Stored items from a collection

=== Begin Enclosure ===

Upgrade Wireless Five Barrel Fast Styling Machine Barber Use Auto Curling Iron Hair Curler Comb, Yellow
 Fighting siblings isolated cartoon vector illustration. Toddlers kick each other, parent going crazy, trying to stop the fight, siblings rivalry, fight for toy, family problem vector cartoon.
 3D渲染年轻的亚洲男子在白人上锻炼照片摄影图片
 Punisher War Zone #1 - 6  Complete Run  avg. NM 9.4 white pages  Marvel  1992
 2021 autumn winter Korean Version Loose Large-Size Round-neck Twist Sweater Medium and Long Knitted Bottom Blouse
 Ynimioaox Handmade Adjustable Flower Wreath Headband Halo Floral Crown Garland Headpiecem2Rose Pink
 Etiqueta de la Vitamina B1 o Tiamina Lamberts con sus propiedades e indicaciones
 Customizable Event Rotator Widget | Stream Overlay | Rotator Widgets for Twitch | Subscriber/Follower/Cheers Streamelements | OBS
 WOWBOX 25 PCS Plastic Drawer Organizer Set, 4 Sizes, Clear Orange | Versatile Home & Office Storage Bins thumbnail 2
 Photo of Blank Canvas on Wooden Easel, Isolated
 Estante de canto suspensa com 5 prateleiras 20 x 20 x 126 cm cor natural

=== End Enclosure ===

Retype all the data verbatim.

→ **RESPONSE FOR THIS EXERCISE**:
Upgrade Wireless Five Barrel Fast Styling Machine Barber Use Auto Curling Iron Hair Curler Comb, Yellow
 Fighting siblings isolated cartoon vector illustration. Toddlers kick each other, parent going crazy, trying to stop the fight, siblings rivalry, fight for toy, family problem vector cartoon.
 3D渲染年轻的亚洲男子在白人上锻炼照片摄影图片
 Punisher War Zone #1 - 6  Complete Run  avg. NM 9.4 white pages  Marvel  1992
 2021 autumn winter Korean Version Loose Large-Size Round-neck Twist Sweater Medium and Long Knitted Bottom Blouse
 Ynimioaox Handmade Adjustable Flower Wreath Headband Halo Floral Crown Garland Headpiecem2Rose Pink
 Etiqueta de la Vitamina B1 o Tiamina Lamberts con sus propiedades e indicaciones
 Customizable Event Rotator Widget | Stream Overlay | Rotator Widgets for Twitch | Subscriber/Follower/Cheers Streamelements | OBS
 WOWBOX 25 PCS Plastic Drawer Organizer Set, 4 Sizes, Clear Orange | Versatile Home & Office Storage Bins thumbnail 2
 Photo of Blank Canvas on Wooden Easel, Isolated
 Estante de canto suspensa com 5 prateleiras 20 x 20 x 126 cm cor natural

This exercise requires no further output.